«Коллаж»: Бактыгуль Шукурова, г. Кара-Балта, Кыргызстан

13 октября 2018

Бактыгуль, расскажи о себе 

По образованию я акушер, работала в роддоме. ВИЧ воспринимала как опасное и заразное заболевание. Я на самом деле считала, что это болезнь нехороших людей и тех, кто сидит в тюрьме. Мне были присущи все стереотипы, принятые в обществе. Когда бывали роженицы со статусом - я этого не скрывала.

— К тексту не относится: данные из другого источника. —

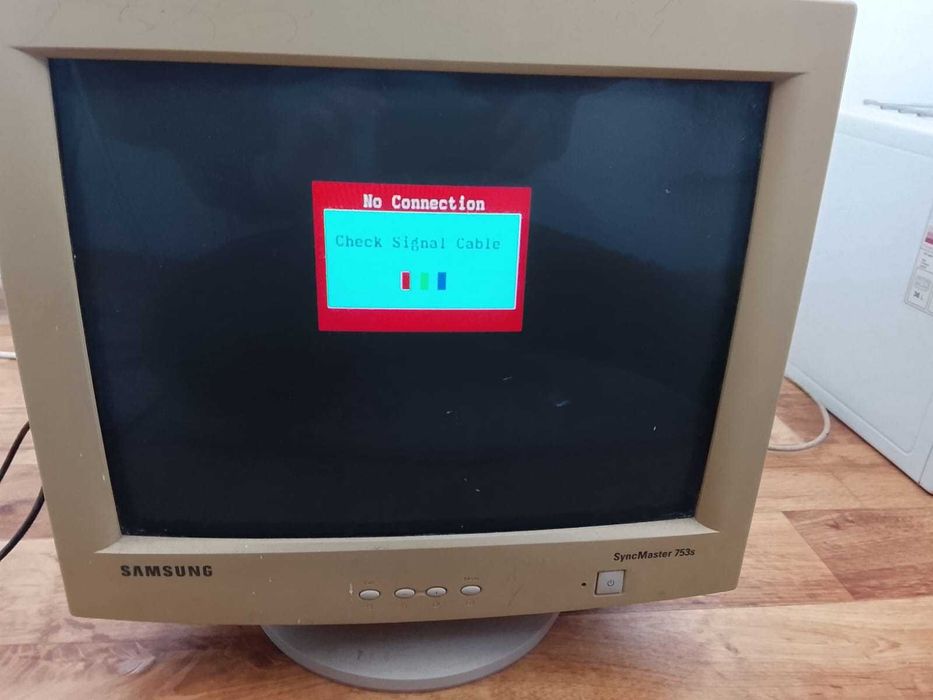 Монитор Самсунг даром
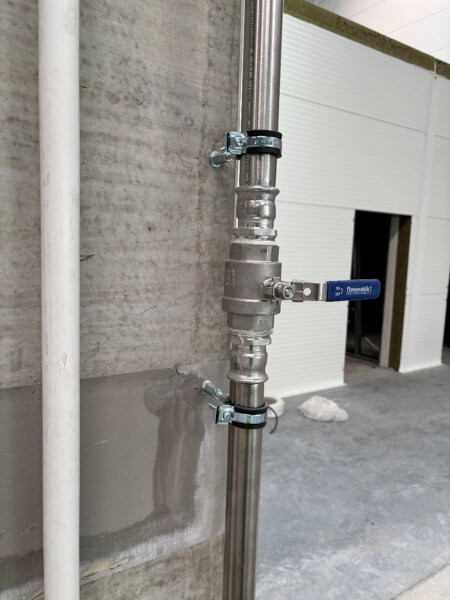 System Infinity - rurociągi aluminiowe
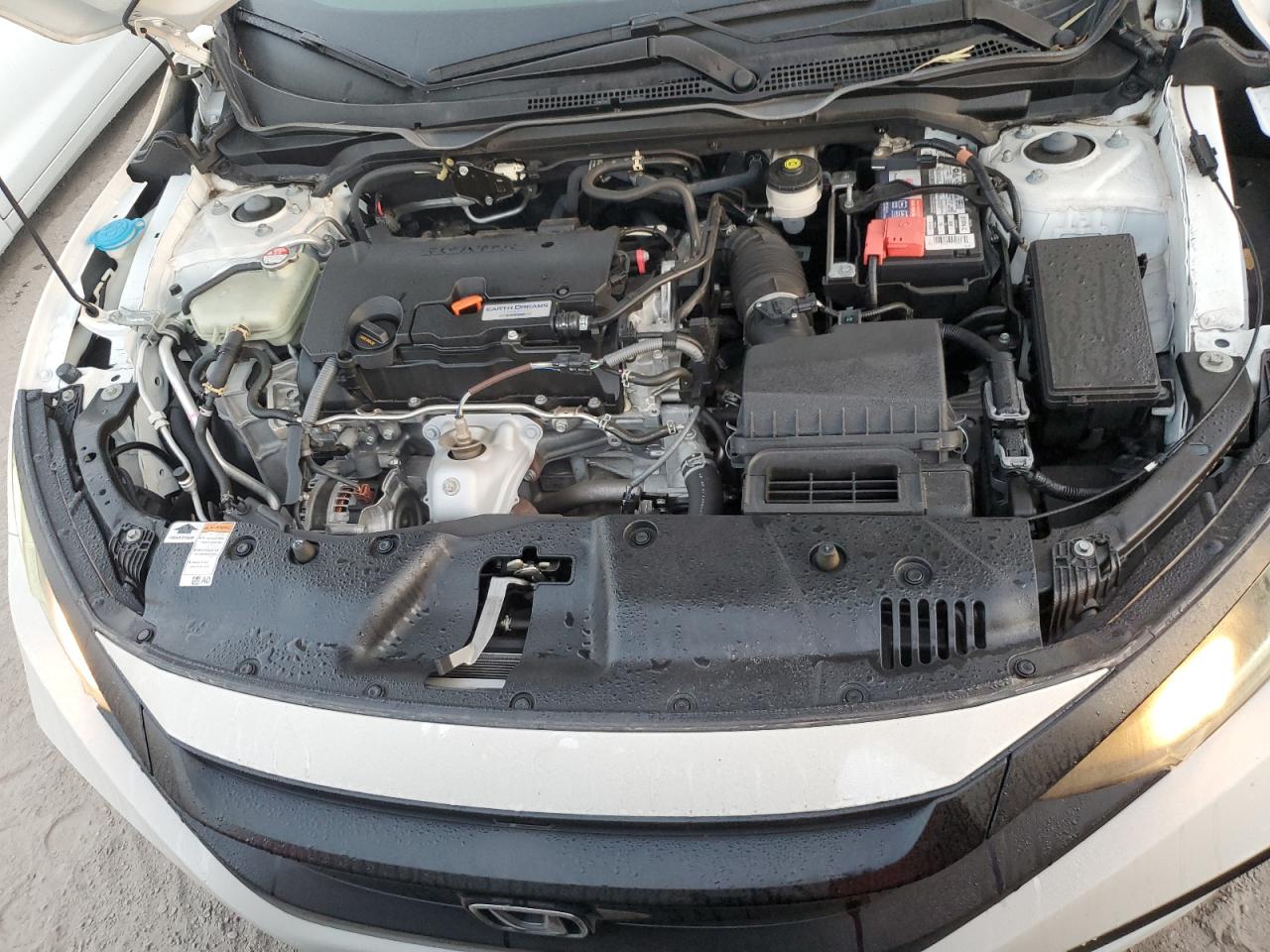 2019 Honda Civic VIN 2HGFC2F82KH600626 Copart auction photo, water/flood damage thumbnail 11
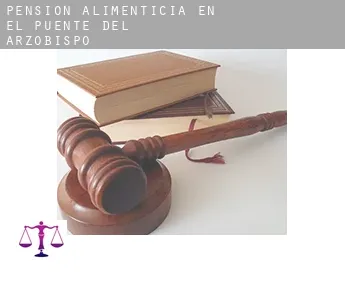 Pensión alimenticia en  El Puente del Arzobispo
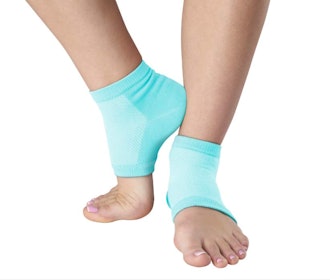 NatraCure Vented Moisturizing Gel Heel Sleeves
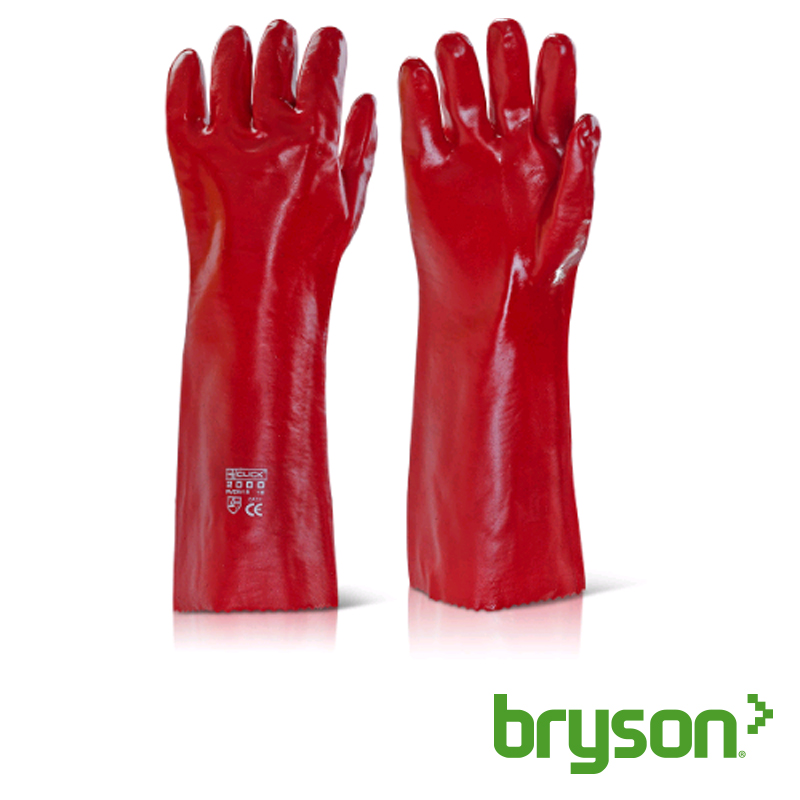 Industrial PVC Gauntlets - 18''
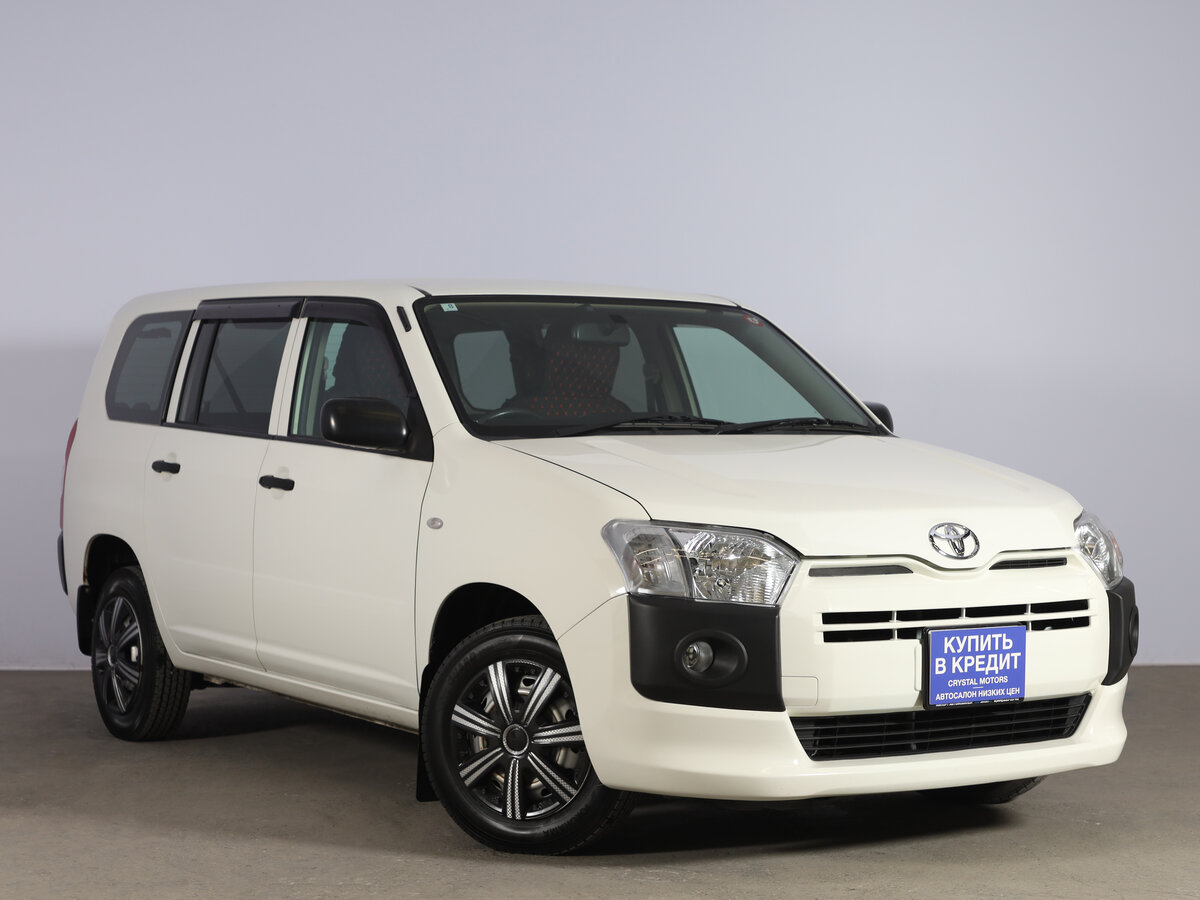 Toyota Probox I Рестайлинг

Насмотревшись на врачебные ошибки, на халатность, которая калечит судьбы людей, я решила уйти в журналистику. В личной жизни произошел развод - осталась одна с ребенком. Новое поприще стало для меня возможностью говорить о проблемах. И о таких женщинах, как я.

Как давно это было?

Был 2000 год, я попала на тренинги по репродуктивному и сексуальному здоровью. Вскоре стала членом общественного объединения "Альянс по репродуктивному здоровью", и мне предложили попробовать себя в роли тренера. Помогло медицинское образование, плюс я прошла дополнительное обучение. Проводили тренинги для беженцев – этнических кыргызов из Таджикистана. Обучали планированию семьи, использованию средства контрацепции и т.д. Парадокс заключался в том, что я вела сессии на тему инфекций, передающихся половым путем, и ВИЧ.

Про личную жизнь

В 2010 году вышло так, что я стала общаться с человеком, который находился в местах лишения свободы. Чем-то он меня зацепил, внутри произошла переоценка ценностей, и я решилась поехать к нему на свидание. Высокие железные ворота, какой-то час на встречу матери с сыном и на визит семьи с детьми. Увиденное меня поразило, а он меня удивил. Я продолжила ездить. Естественно у нас бывали и длительные свидания – день, и три дня. Человек хотел строить со мной отношения, хотел ребенка. Я желала того же после 10 лет одиночества.

Многие меня осуждали. Говорили, что я делаю из себя жертву. Не понимали, что может связывать меня с тем, кто сидит в тюрьме, кто имеет опыт употребления тяжелых наркотиков. Однако я увидела в нем хорошего, доброго человека, у которого так сложилась судьба. Можно сказать, что это была любовь.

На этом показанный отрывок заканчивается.